Sunday, February 21, 2010

Revival

In light of some recent happenings, I have decided to revive the blog. Perhaps readers won’t be quite as intrigued now that I am not technically Living in Contrast, but I think that in some ways I still am, in the way that everyone is.

Naturally, my goals for this blog have changed somewhat. Initially I wanted to tell stories about South Africans I was meeting and experiences that I was having. But when I look back over the last entry, I see that it is more about accomplishing an unfathomable dream.

In many ways life in Columbia has been much more challenging than life in South Africa. Even the most optimistic, hopeful, determined person can be crushed by the pressure of graduation, of reality, and of that word that I hate: future.

I feel like my life has once again become a countdown of time: three months until graduation, four months until I return to Johannesburg, six months until United Airlines will remind me to come back to Kansas City.

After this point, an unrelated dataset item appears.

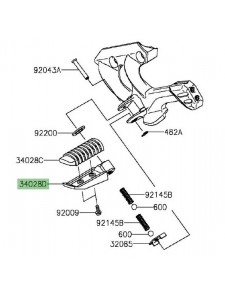 Repose-pieds arrière gauche Kawasaki GTR 1400 (2015-2016) | Réf. 340280314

Ten months until I am 23 and need to prove to myself that I have done something in this world, that the last year has not been a waste, and I have lived to my fullest potential.

Sometimes I get glimpses of what my parents and grandparents have been telling me for years: time goes by quicker than you think. When did I become 22? There are eight years until I am 30. Seriously. Think about that—it is equidistance from 14.  I still feel 14, okay not really… but at least 17. Not 22.

Several years ago I felt a similar perplexity at the loss of time and decided that I would do something remarkable with my life every year. At least that way I can look back on my life and say,

that was the year I ran my first marathon

that was the year I wrote a screenplay

that was the year I left everyone I knew in Portland and came to Missouri

that was the year I went to Johannesburg for five and a half months.

Some year I’ll be 81, looking back on my eightieth year that has just been a tiny fraction – a mere 1/80th-- of my lifetime. A millisecond.

That was the year I learned to knit because damnit, I’m 80.

It doesn’t matter the level of the accomplishment, but if it is remarkable to you in some way (like my aunt who started creating sculptures out of dryer lint) then do it.

If I keep track in this way, will it make my lifetime seem more quantifiable? I’m not sure. Maybe it makes the countdown less maddening.

I talked to my brother last night, trying to get the cliff notes on how to approach graduation and the daunting task of deciding your life. He told me the simplest thing, that of course I knew along, and we all know all along, but just lose sight of: it is the journey that counts, not the destination.

I am going back to Johannesburg for the World Cup in hopes of jumpstarting an international reporting career. Will it work? I have no idea. Am I terrified? Absolutely. Yes my 22nd year can always be “the year that I graduate,” but for me I know that my remarkable thing must be more than that. Graduation, for many of us, has become a given. Where you direct your life after that is the challenge. So let yourself be remarkable.